:: Supplied entries ::
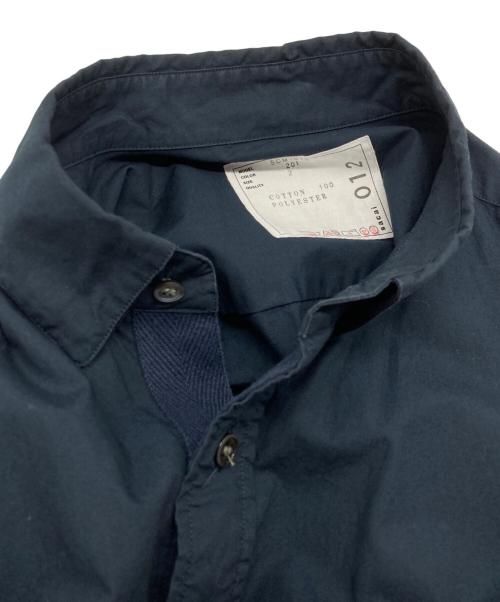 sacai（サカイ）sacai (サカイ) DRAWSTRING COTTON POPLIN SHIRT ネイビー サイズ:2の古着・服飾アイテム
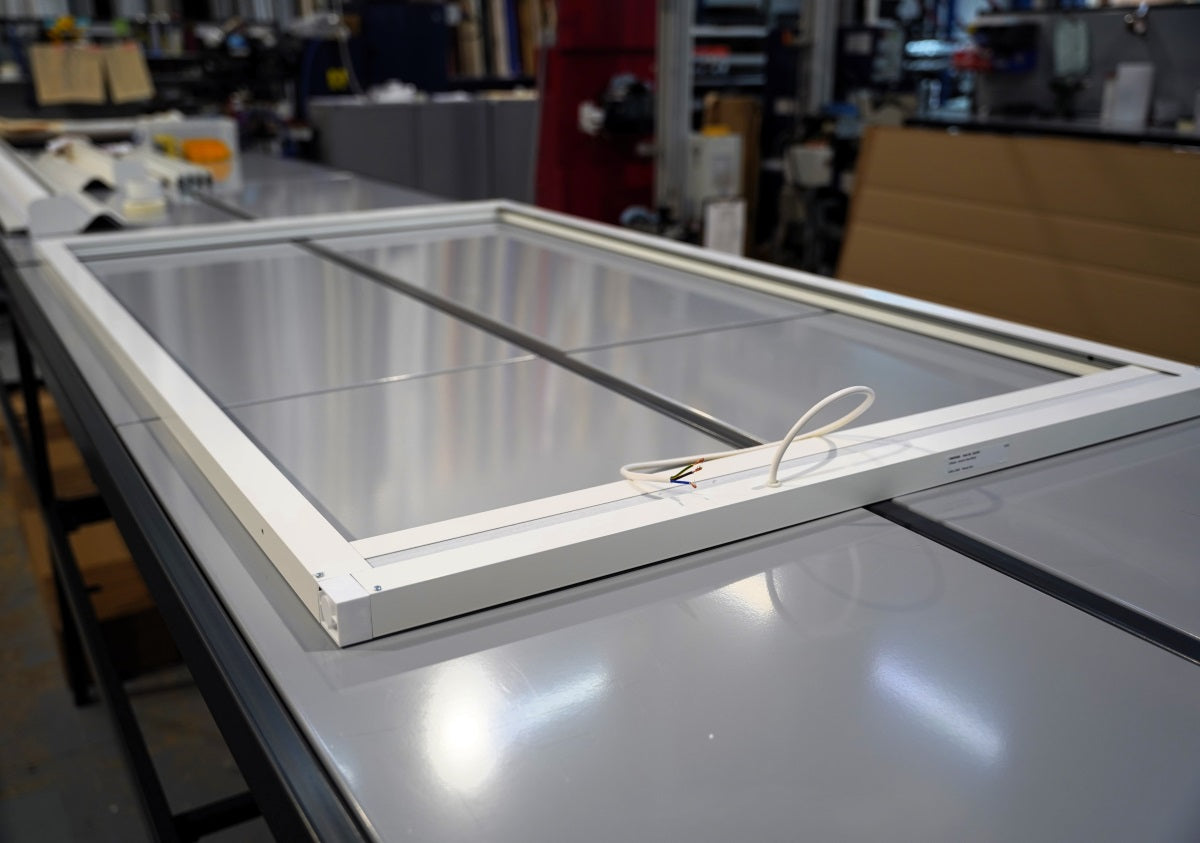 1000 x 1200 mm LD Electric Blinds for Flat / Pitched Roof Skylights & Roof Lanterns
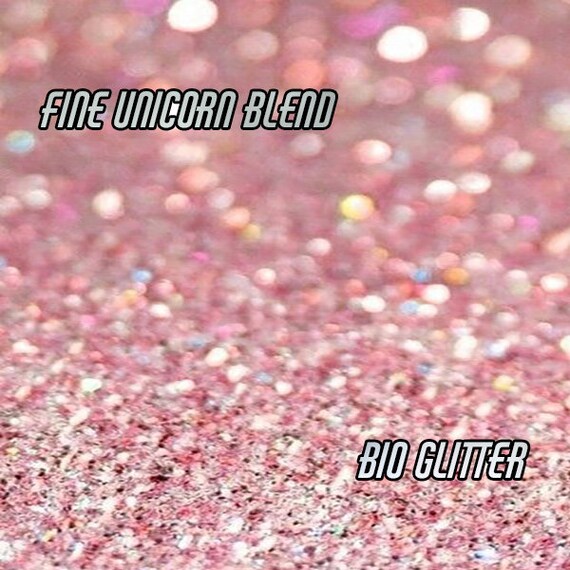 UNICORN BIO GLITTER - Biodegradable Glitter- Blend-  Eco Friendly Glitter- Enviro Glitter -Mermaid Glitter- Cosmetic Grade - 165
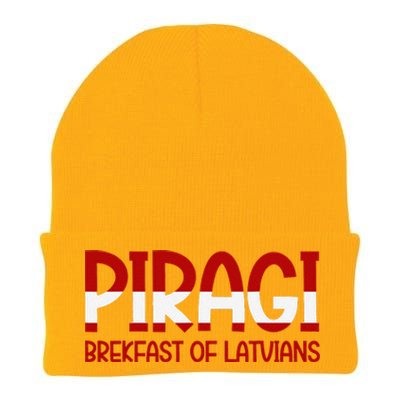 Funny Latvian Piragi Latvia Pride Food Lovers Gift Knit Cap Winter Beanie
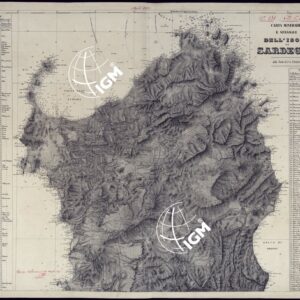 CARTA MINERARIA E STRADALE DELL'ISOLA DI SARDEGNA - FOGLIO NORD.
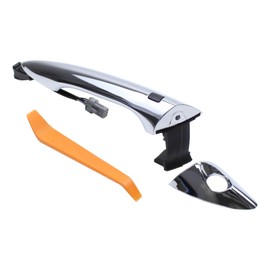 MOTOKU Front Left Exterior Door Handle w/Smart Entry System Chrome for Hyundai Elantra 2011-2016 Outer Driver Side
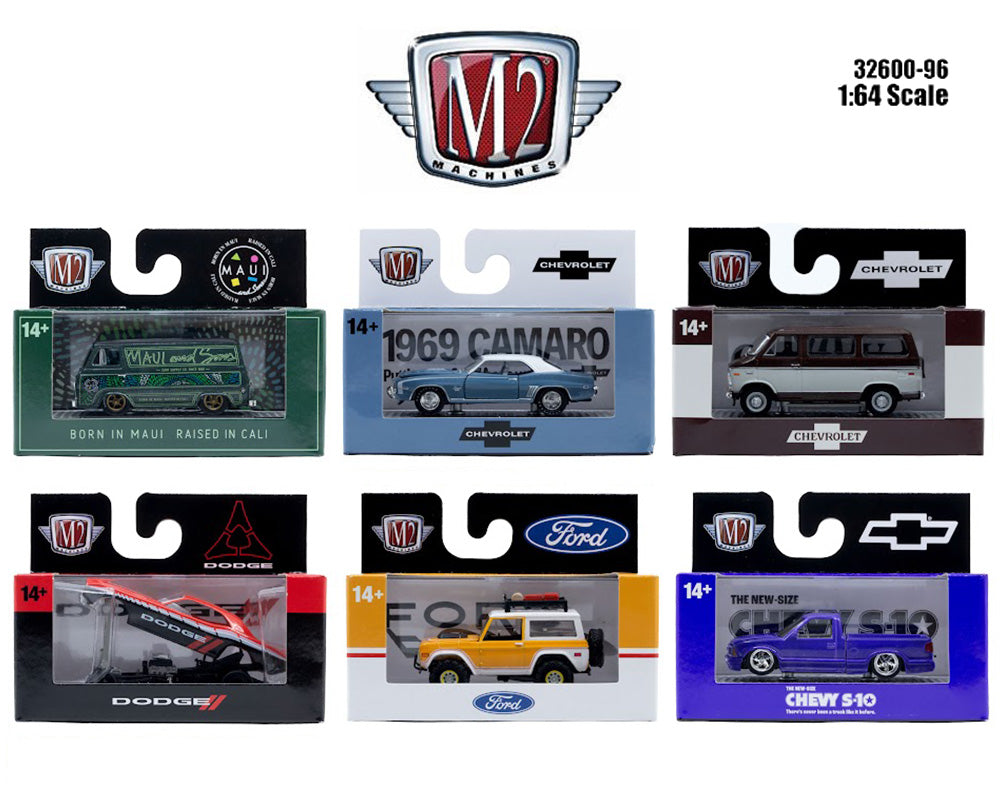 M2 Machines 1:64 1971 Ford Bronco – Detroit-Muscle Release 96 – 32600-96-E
:::
:: Supplied entries ::
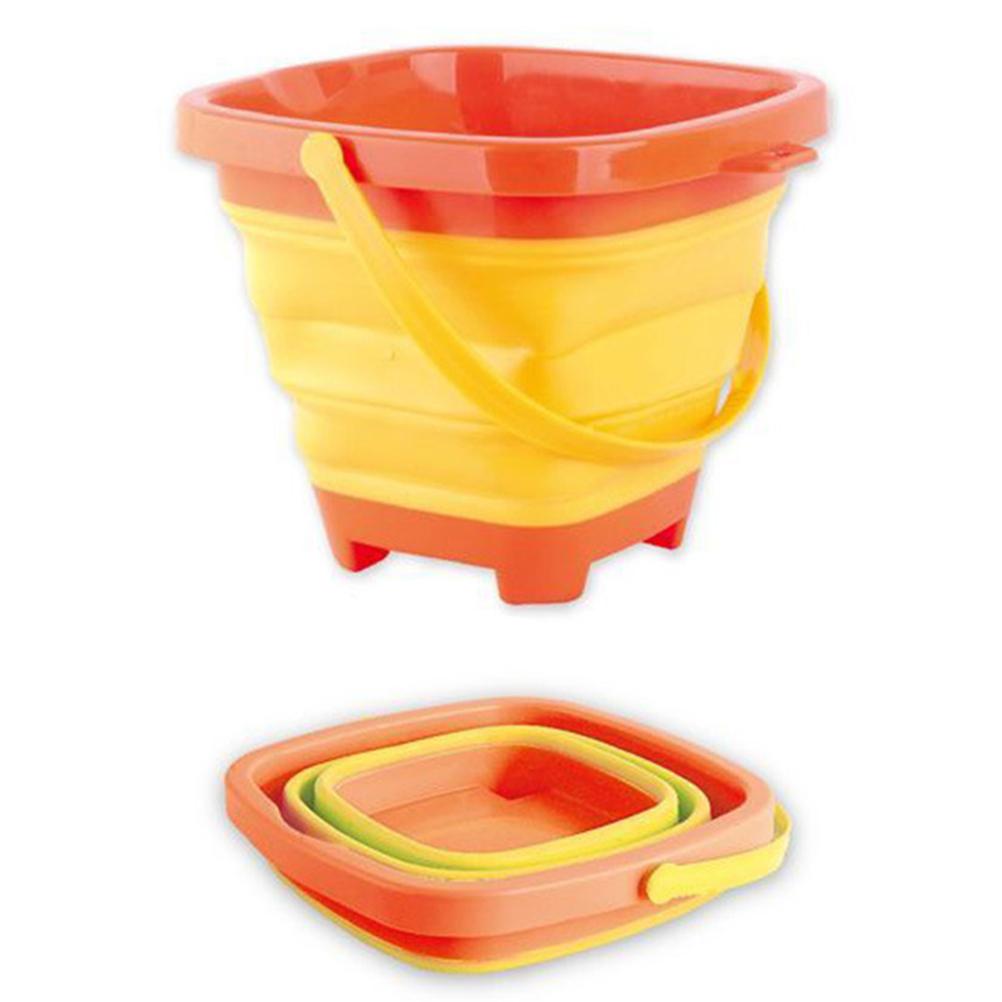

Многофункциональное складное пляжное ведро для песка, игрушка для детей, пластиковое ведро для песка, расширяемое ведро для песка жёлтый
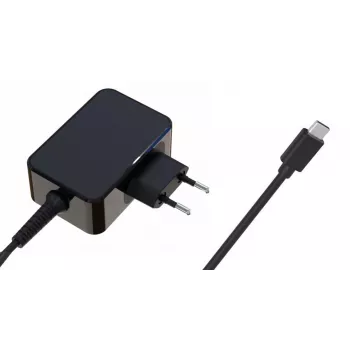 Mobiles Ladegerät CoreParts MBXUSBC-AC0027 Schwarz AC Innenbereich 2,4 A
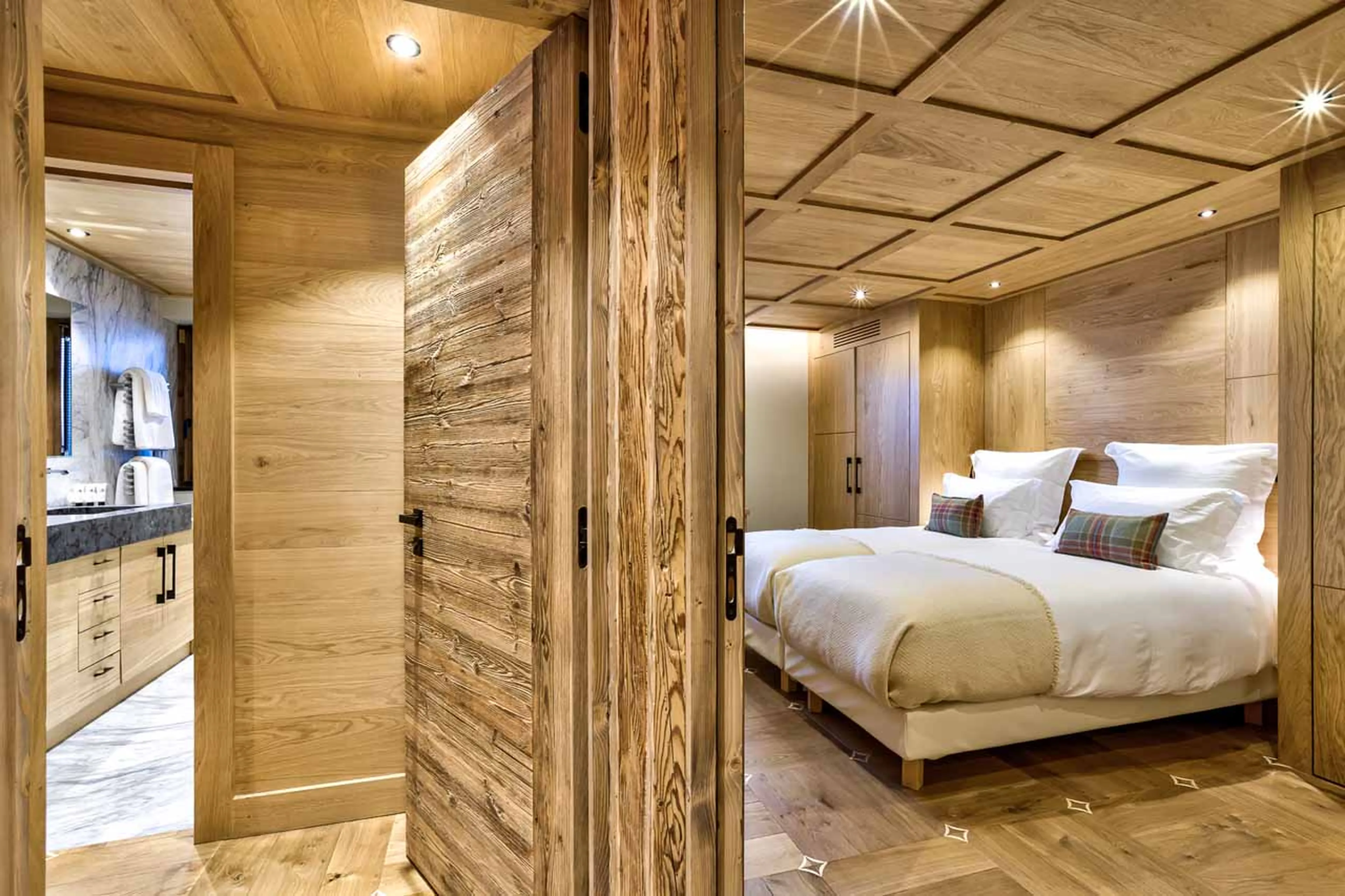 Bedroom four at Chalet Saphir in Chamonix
:::
## Exercise goal
Copy word for word the lines above, starting at the line containing "sacai（サカイ）sacai (サカイ) DRAWSTRING" and ending at the line containing "M2 Machines 1:64", inclusive, with no pictures.

## Solution
 sacai（サカイ）sacai (サカイ) DRAWSTRING COTTON POPLIN SHIRT ネイビー サイズ:2の古着・服飾アイテム
 1000 x 1200 mm LD Electric Blinds for Flat / Pitched Roof Skylights & Roof Lanterns
 UNICORN BIO GLITTER - Biodegradable Glitter- Blend-  Eco Friendly Glitter- Enviro Glitter -Mermaid Glitter- Cosmetic Grade - 165
 Funny Latvian Piragi Latvia Pride Food Lovers Gift Knit Cap Winter Beanie
 CARTA MINERARIA E STRADALE DELL'ISOLA DI SARDEGNA - FOGLIO NORD.
 MOTOKU Front Left Exterior Door Handle w/Smart Entry System Chrome for Hyundai Elantra 2011-2016 Outer Driver Side
 M2 Machines 1:64 1971 Ford Bronco – Detroit-Muscle Release 96 – 32600-96-E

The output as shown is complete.